Almost exactly 40 years ago, Second Lieutenant Hiroo Onoda was coaxed out of the Philippine jungle, the last Japanese-born soldier still fighting World War 2.
He had not been alone. Many Japanese soldiers had fought on after 1945, either refusing to believe that Japan had surrendered or simply never getting the news.
Over the years Onoda’s war had shrunk in scale: his last remaining comrade was shot by police when the old soldiers raided local farmers in 1972. By 1974, Onoda’s weapons would have been a mouldering rifle and a rusting samurai sword, and his enemies trespassing goat-herds and lost tourists.
He returned to an unrecognisable world. The year Onoda enlisted, Japan’s warplanes had taken two hours to travel the 350km from their carriers to Pearl Harbour. The month before he walked out of the jungle, the crew of Skylab 4 returned to Earth after spending 84 days in space. When he joined the Imperial Japanese Army it had been the high noon of global aggression and quasi-historical claims on other countries’ territory. Now, the global war was a cold one and colonialism was not only openly condemned by the formerly colonised (when had Indians and Africans been given a voice?) but also officially regretted by the colonisers.
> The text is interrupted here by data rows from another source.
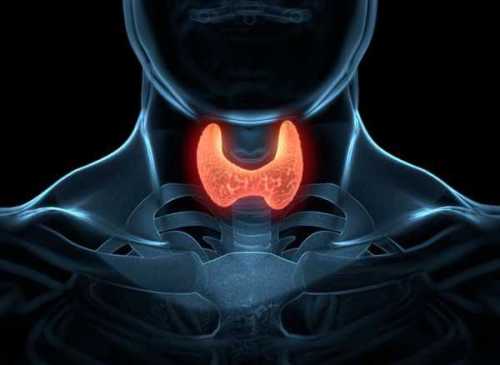 12 ознак, що ваша щитовидна залоза працює не так, як треба - INFBusiness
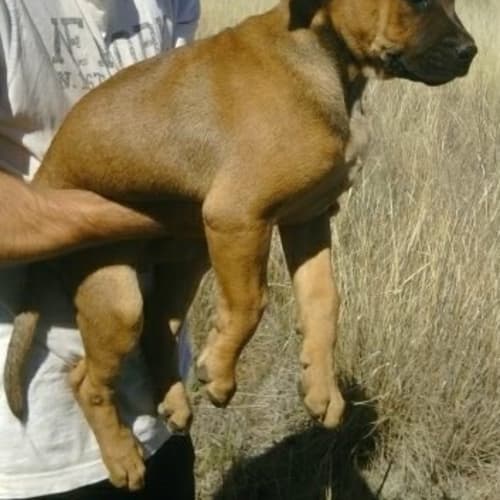 No photo for Xena * Now Has Deposit *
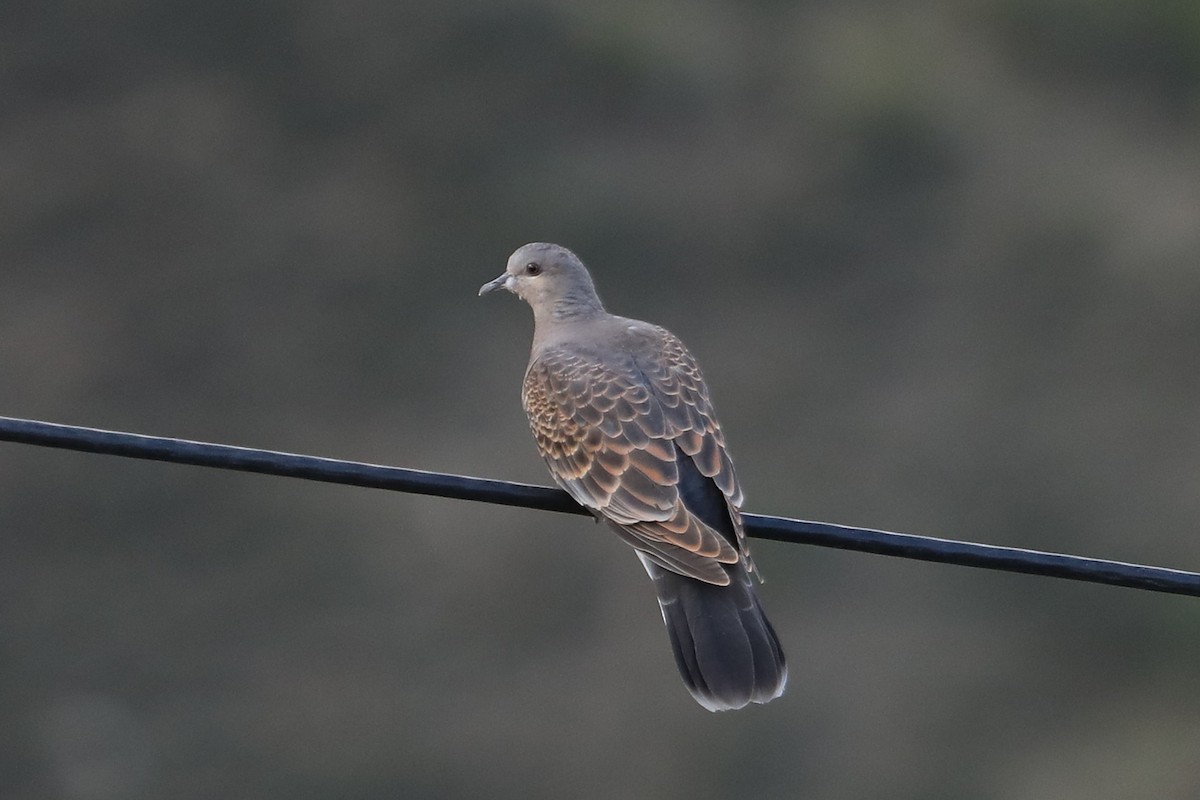 Oriental Turtle-Dove - ML638239317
Onoda was deeply unhappy. He grieved over what he perceived as the decay of a society that had been great in his youth. It upset him so much that he emigrated to Brazil for a time, farming cattle in a Japanese community until he apparently adjusted to modernity and ultimately returned to Japan.
I thought of Second Lieutenant Onoda last week as I read of another alleged racist attack at the University of the Free State and as I looked at pictures of students in Potchefstroom performing Nazi salutes as part of a fun exercise in militaristic conformism. I thought of him as I read the endless, despairing racism that has killed online debate. I thought of him again and again as I saw educated, relatively wealthy white people react with anger and fear, over and over again, and heard him despairing over his beloved fascist motherland brought low as a messy modern democracy.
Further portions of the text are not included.